Next, the calculator 101 calculates smoothness Lⁱ_adv indicating smoothness of a local distribution of a model output that is a regularization term added in VAT (Step S202). The smoothness Lⁱ_adv is calculated, for example, by the following Equations (3) to (5).

$\begin{array}{cc}\Delta \left(r^i\right)=\mathrm{KL}\left[f\left(x^i\right)||f\left(x^i+r^i\right)\right]& \left(3\right)\\ r_a^i=\underset{r^i\text{:}||r^i||<\varepsilon }{\mathrm{argmax}}\left\{\Delta \left(r^i\right)\right\}& \left(4\right)\\ L_{\mathrm{adv}}^i=\Delta \left(r_a^i\right)& \left(5\right)\end{array}$

f(xⁱ) is an output of a neutral network.
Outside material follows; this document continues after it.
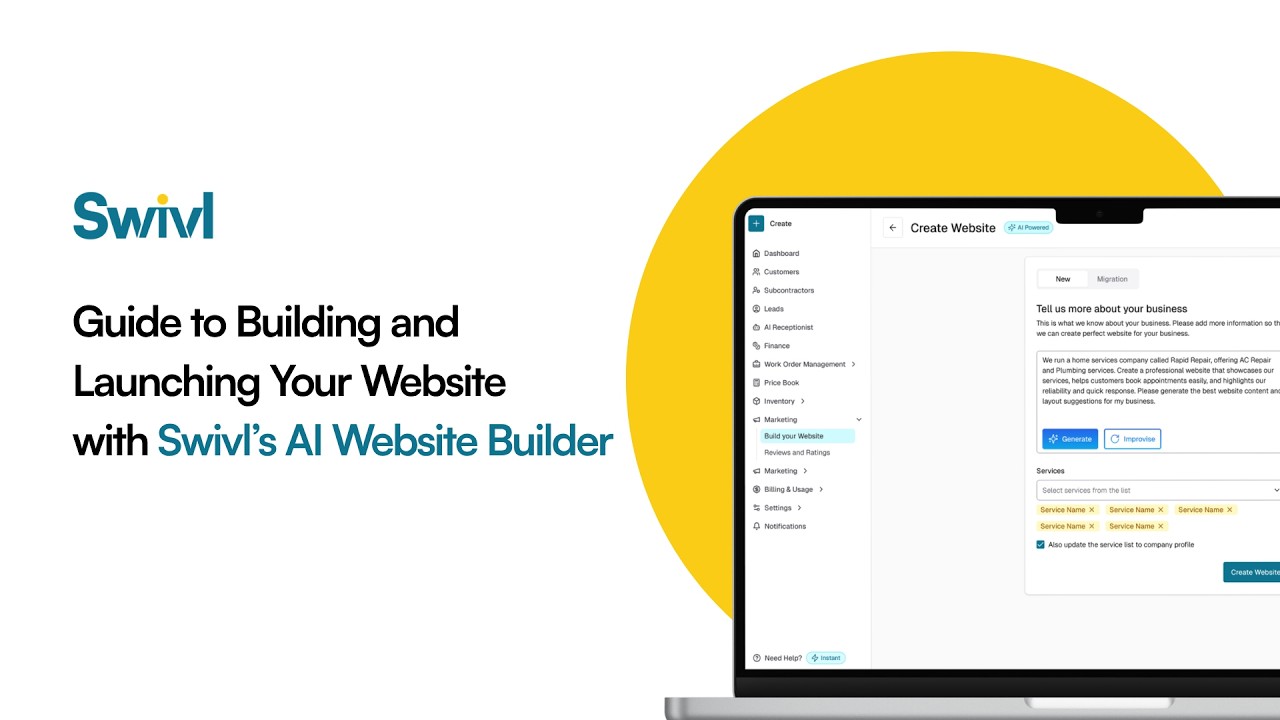 How to Build a Website for Your Trade Business with AI | Swivl Website Builder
In a case where VAT is used, an output L(ϕ) of the calculator 101 is expressed by the following Equation (6).

$\begin{array}{cc}L\left(\phi \right)=L_{\mathrm{task}}+\sum _iL_{\mathrm{adv}}^i& \left(6\right)\end{array}$

The value of the objective function L_task and the smoothness Lⁱ_adv that are respectively calculated in Step S201 and Step S202 correspond to an objective function used in VAT (first objective function).

As described above, in the present embodiment, the calculator 101 further calculates a value of an objective function to estimate a hyperparameter ε as a model parameter (second objective function). For example, the calculator 101 first calculates a distance scale l_g by the following Equation (7) (Step S203).

$\begin{array}{cc}{I}_g=〈\underset{j}{\min }||x^i-x^j||〉& \left(7\right)\end{array}$

where x^j indicates input data other than xⁱ (second learning data). min indicates a minimum value of a distance to each piece of x^j which distance is calculated for each piece of input data xⁱ (first learning data). A symbol “< >” indicates an average of minimum values calculated for pieces of xⁱ. The data x^j may be all pieces of input data other than xⁱ or may be a part of the data. For example, in a case where an update in the learner 102 is performed in a unit of a mini batch, data other than xⁱ among pieces of data of the mini batch may be x^j. In such a manner, the distance scale l_g is calculated on the basis of a minimum value of a distance between each input data (xⁱ) and an adjacent point (x^j).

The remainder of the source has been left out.